The shiny clothes were actually plastic rain protected jumpsuits under which they wore formal ware like business men. They exchanged calm, odd looks with each other. The one closest to me, a big broad man against my smaller frame grabbed me by the arm.
“Let’s go inside, out of the rain.”
We entered a large highrise bank building a few doors down from the convenience store. I had been inside the bank a few days earlier contemplating if I should fill up my knapsack with money from the open registers. To many people that would not have been a moral dilemma but strangely in my new role, it was.
“Please tell me you guys know something about what’s going on. Is it all over the world? Did you fall asleep like everyone else?”
The biggest man, easily over six three stepped toward me reaching into the plastic covering then into the suit. He brandished a large silver handgun before pointing it at me.

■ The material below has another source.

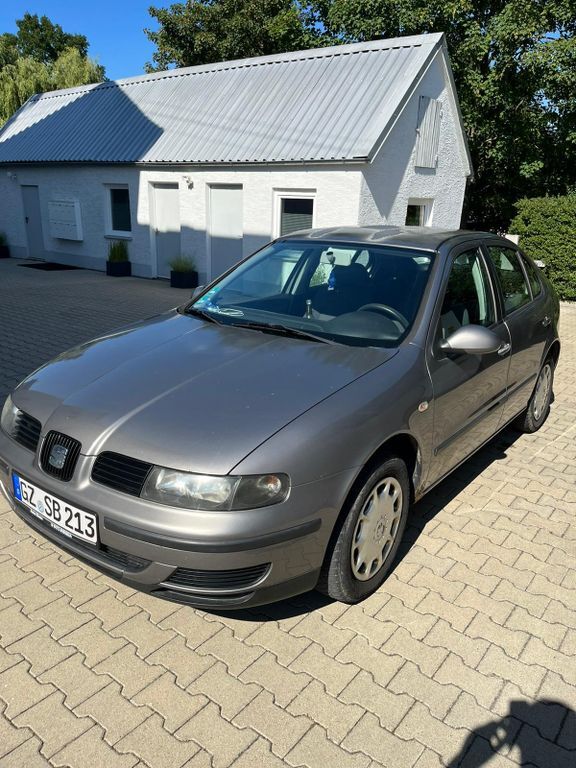 Seat Leon 150.000 km 850 € Günzburg 89312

“You are the anomaly. You should not be awake. You have to die.” He calmly said.
“Wait, wait, wait! What are you doing?” I flared, throwing my hands in front of my face for protection.

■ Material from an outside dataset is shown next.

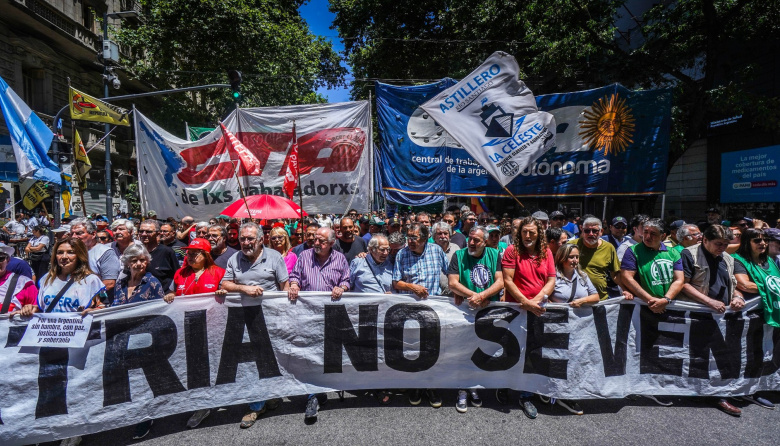 Con fuerte presencia bonaerense las CTA colmaron la Plaza de Mayo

The smallest man in the back, came forward. “Hold on. Wait. Let’s keep him around for a bit.”
My mind was now on my weapon inside the bag and getting away from the five men I’d foolishly brought myself to. The thumping inside my chest made my voice break several times when I spoke.
“Why…why would you wanna shoot me. Why…why…what?”
They all remained unbothered and controlled but for the gun pointed at my face moments before. If not for the threat, I would think they were simply high-powered businessmen heading for a meeting to discuss the latest market shares or an impending company takeover. The large one again placed his hand on my shoulder, his big hand gripping the back of my neck. He had put away the weapon.
“If you run or try to hide we will find you. And then kill you.” A hint of an accent, perhaps German was detectable.
“OK. I don’t understand. Why. What is going on?”
He tried to push me forward, towards the offices but I pulled away sharply, grabbing the gun from my knapsack. I held the weapon by my side. The men turned around almost nonchalantly.
“I’ve been wondering around this damn city for weeks. What the fuck! What the fuck is goin’ on!”
Collectively I received half-curious looks while one man even fiddled with his tie.
“Somebody fucken say something. Now!” My voice echoed into the large high ceiling space travelling upward. Someone struck a match. It was an older grey haired oriental gentleman with a cigar in his mouth.
“Unless you are prepared to use that thing, you should not be holding it.” He breathed.